== Segment start ==
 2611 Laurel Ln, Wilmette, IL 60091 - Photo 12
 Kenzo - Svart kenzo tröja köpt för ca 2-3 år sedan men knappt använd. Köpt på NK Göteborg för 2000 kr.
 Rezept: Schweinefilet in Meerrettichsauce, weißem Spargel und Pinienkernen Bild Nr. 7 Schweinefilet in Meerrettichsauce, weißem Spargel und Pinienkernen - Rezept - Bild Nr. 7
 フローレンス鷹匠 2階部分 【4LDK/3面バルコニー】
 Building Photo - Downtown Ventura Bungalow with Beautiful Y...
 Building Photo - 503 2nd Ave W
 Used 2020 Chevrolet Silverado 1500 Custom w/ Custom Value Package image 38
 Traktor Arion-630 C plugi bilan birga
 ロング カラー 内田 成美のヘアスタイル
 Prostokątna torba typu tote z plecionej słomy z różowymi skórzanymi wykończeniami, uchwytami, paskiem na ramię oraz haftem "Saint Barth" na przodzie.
== Segment end ==
* Problem: If a line in the records above has the word "Photo", copy it out.

* Task response:
 2611 Laurel Ln, Wilmette, IL 60091 - Photo 12
 Building Photo - Downtown Ventura Bungalow with Beautiful Y...
 Building Photo - 503 2nd Ave W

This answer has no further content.